The Jamestown citizens let Nantauquas go (Nantauquas can't die; we love Nantauquas!), but they might as well have killed him. After he leaves the fort, he becomes ghost-like, wandering around the forest like a specter, never interacting with words but only appearing in the corner of Ralph's eye. Indeed, it's as if he's been erased from existence; even Ralph doesn't say the name Nantauquas anymore, only referring to him as "the Indian." Nantauquas is quickly vanishing from memory, or at the very least importance.
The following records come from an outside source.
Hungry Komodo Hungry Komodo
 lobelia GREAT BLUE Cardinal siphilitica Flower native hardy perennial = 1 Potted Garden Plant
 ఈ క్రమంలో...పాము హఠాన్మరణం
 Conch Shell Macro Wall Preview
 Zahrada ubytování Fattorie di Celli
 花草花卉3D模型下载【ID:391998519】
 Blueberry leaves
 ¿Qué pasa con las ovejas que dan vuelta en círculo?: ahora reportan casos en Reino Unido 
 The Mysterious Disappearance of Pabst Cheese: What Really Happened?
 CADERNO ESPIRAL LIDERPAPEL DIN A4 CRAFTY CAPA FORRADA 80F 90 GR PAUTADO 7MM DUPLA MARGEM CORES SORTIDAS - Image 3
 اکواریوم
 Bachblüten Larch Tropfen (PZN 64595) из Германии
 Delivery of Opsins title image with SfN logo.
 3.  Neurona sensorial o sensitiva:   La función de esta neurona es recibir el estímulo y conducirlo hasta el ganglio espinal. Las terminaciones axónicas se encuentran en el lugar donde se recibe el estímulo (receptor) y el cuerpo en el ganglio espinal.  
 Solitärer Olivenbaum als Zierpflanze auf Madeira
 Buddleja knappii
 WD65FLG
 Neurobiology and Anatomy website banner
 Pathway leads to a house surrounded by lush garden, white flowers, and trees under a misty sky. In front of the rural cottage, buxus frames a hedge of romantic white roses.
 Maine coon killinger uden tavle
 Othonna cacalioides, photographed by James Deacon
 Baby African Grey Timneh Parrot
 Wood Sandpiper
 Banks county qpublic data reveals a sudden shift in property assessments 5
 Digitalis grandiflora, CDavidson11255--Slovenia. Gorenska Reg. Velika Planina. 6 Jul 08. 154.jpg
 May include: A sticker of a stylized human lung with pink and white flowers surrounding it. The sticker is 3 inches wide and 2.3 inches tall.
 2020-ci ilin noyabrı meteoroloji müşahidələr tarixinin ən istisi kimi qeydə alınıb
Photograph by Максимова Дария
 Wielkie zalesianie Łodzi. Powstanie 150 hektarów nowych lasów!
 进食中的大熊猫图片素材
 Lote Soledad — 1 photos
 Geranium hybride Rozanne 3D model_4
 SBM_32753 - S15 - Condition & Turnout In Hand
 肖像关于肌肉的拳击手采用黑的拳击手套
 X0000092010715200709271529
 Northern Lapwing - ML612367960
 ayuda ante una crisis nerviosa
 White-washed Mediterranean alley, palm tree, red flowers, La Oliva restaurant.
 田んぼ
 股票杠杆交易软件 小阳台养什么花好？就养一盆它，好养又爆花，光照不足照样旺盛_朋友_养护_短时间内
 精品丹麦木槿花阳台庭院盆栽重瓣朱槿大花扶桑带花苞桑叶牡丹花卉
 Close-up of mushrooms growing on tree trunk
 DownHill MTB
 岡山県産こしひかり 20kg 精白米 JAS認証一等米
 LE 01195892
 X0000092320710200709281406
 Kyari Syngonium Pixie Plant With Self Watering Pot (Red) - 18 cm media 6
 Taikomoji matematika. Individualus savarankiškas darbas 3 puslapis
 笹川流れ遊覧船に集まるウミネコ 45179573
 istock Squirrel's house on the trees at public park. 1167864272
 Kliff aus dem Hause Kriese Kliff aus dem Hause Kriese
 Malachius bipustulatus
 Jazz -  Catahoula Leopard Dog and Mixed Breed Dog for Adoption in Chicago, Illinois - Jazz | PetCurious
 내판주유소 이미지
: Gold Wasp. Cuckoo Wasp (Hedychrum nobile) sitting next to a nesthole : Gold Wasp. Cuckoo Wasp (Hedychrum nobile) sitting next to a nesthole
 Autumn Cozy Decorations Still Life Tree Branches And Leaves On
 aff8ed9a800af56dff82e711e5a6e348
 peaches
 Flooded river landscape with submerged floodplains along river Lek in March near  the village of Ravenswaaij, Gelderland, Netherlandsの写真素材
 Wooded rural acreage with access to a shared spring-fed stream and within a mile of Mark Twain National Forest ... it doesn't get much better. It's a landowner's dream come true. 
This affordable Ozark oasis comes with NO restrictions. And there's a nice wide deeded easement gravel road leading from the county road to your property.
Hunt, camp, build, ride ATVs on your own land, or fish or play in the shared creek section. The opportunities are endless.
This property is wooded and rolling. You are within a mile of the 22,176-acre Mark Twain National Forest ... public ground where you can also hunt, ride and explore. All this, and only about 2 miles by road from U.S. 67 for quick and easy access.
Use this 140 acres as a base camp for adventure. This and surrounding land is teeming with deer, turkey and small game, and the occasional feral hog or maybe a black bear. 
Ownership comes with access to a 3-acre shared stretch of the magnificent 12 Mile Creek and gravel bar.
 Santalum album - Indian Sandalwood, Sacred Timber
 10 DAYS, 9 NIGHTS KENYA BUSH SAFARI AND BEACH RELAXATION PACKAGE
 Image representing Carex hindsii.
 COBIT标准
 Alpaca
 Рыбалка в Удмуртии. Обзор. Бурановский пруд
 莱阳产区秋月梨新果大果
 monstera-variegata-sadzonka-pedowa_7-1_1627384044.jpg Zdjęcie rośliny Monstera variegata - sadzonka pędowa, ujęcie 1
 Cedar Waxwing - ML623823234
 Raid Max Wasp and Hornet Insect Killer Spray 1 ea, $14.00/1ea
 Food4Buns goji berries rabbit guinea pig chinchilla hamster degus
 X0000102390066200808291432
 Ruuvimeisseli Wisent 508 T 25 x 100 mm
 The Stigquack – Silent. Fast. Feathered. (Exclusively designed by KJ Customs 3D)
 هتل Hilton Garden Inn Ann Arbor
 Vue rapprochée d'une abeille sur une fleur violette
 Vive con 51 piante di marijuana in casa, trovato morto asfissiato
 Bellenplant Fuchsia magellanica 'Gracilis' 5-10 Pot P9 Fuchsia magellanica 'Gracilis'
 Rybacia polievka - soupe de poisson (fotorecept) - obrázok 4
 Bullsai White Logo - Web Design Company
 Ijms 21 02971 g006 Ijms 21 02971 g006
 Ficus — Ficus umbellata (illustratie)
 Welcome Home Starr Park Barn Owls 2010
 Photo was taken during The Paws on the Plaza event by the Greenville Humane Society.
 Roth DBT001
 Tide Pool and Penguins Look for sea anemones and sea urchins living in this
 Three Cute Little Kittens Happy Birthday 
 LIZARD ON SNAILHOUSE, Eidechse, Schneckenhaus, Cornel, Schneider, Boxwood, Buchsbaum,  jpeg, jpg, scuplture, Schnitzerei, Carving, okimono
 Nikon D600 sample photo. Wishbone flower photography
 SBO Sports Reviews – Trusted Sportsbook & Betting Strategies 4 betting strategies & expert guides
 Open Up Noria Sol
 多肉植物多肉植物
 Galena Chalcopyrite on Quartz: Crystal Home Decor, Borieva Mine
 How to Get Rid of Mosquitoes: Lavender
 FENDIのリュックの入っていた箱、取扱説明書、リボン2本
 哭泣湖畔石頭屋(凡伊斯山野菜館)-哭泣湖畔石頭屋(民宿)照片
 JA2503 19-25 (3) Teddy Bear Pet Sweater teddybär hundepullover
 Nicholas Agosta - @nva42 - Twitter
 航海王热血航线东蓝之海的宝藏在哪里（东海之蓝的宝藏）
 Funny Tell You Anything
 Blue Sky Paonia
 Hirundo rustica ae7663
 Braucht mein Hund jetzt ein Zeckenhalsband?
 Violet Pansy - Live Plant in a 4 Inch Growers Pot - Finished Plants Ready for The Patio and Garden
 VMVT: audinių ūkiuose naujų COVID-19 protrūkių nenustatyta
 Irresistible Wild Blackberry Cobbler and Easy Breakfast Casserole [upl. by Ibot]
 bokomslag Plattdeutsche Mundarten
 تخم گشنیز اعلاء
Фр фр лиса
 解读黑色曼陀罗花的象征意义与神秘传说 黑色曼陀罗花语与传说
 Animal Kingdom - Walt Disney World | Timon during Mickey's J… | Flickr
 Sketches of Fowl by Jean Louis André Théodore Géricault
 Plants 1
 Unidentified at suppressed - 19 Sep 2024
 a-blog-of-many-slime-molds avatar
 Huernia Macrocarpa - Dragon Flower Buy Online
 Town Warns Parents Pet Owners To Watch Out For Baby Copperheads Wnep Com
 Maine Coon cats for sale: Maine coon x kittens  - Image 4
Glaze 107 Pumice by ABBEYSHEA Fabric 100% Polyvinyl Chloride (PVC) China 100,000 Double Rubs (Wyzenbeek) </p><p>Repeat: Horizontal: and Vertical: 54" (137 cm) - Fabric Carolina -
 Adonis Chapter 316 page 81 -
So we have the two major stereotypes of American Indians in Euro-American literature and art being played out in this novel: the noble savage and the vanishing race. I can't help but wonder, though, if Johnston is more subversive of this trope than she lets on. At one point, Opechancanough tells Ralph, "Opechancanough knows that they [English] are good and just, that they do not treat men whose color is not their own like babes, fooling them with toys, thrusting them out of their path when they grow troublesome." We know Opechancanough is being ironical, but the fact that Johnston must have known it too indicates that she at least recognized the racial tensions at the heart of these stereotypes. Which makes me wonder why she eventually capitulated to them. Did she not know what else to do with them? Did she perhaps think she was being original? (yeah right)
Whatever the reason, the treatment of Indians in To Have and To Hold was a blight on an otherwise perfect book. It definitely wasn't enough to make me dislike the book, but it was eye-roll educing. And I still feel bad for Nantauquas.